En effet, à Singapour, la Professeur malmène le jeune homme et lui fait un prélèvement sanguin après l'avoir assommé. A Séoul, Batgirl maîtrise Wen et Joon-ki puis Barbara prend l'avion pour rentrer au Japon. Mais elle surprend au chevet de son ami un homme d'affaires louche convoitant lui aussi une mystérieuse formule. Batgirl retourne chez Kai où elle découvre la Professeur fouillant les effets personnels du jeune homme. Les deux jeunes femmes engagent le combat jusqu'à ce que la Professeur s'injecte la formule prélevée sur Kai et qui lui permet d'anticiper tous les coups de son adversaire.

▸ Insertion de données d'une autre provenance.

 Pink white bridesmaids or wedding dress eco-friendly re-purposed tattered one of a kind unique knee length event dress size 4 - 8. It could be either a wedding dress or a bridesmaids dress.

Mais les effets secondaires de cette potion ne tardent pas à se manifester et permettent à Batgirl de prendre l'avantage sur la Professeur. Elle est livrée à la police avec son commanditaire, l'homme d'affaires venu au chevet de Kai. Puis Emiko, Wen et Joon-ki sont confiés par Batgirl à Fruit Bat, qui se chargera de les guider dans le droit chemin. Barbara quitte Kai en lui faisant promettre de ne plus jouer les "mules" pour des scientifiques dangereux en affaires avec la mafia.
  

Epilogue : Barbara découvre dans l'avion qui la ramène à Gotham la présence de Pamela Isley alias Poison Ivy lorsqu'une odeur nauséabonde envahit l'appareil. Batgirl se glisse dans la soute où se trouve la cause de cette puanteur, une plante rare et ancienne que Poison Ivy compte exploiter à Gotham. Mais le végétal, à cause de l'altitude et des turbulences de l'avion, se met à croître et devient agressif. Les deux ennemies sont obligées de s'allier pour l'empêcher de provoquer un crash. Une fois à Gotham, Poison Ivy sème Barbara qui retrouve Frankie mais ne remarque pas qu'un certain Ethan Cobblepot débarque aussi...

Batgirl est sans doute le membre le plus attachant de toute la Bat-family, et Barbara Gordon a connu un destin mémorable quand Alan Moore et Brian Bolland la mirent en scène dans le grand classique The Killing Joke où le Joker l'estropiait et la rendait paraplégique. Cette histoire fit en définitive beaucoup plus pour la popularité de la jeune femme que toutes ses aventures costumées puisqu'elle se reconvertit en une héroïne iconique sous le nom d'Oracle, sorte de super-informatrice de la communauté super-héroïque et vedette de la série Birds of Prey.

Au gré des reboots ensuite, la condition physique et le statut de "Babs" changea au point que durant la période des "New 52" elle recouvrit ses moyens et reprit son surnom et son habit de Batgirl, d'abord dans une série écrite par Gail Simone (déjà auteur de Birds of Prey) puis du trio Brendan Fletcher-Cameron Stewart-Babs Starr (dans des récits d'abord très noirs puis beaucoup plus légers). Ce retour provoqua une vive polémique, d'autant que le rétablissement miracle de l'héroïne ne fut jamais clairement expliqué. Ajoutez-y des intrigues peu inspirées et vous mesurerez la difficulté qui attendait Hope Larson pour restaurer Batgirl à l'heure de "Rebirth".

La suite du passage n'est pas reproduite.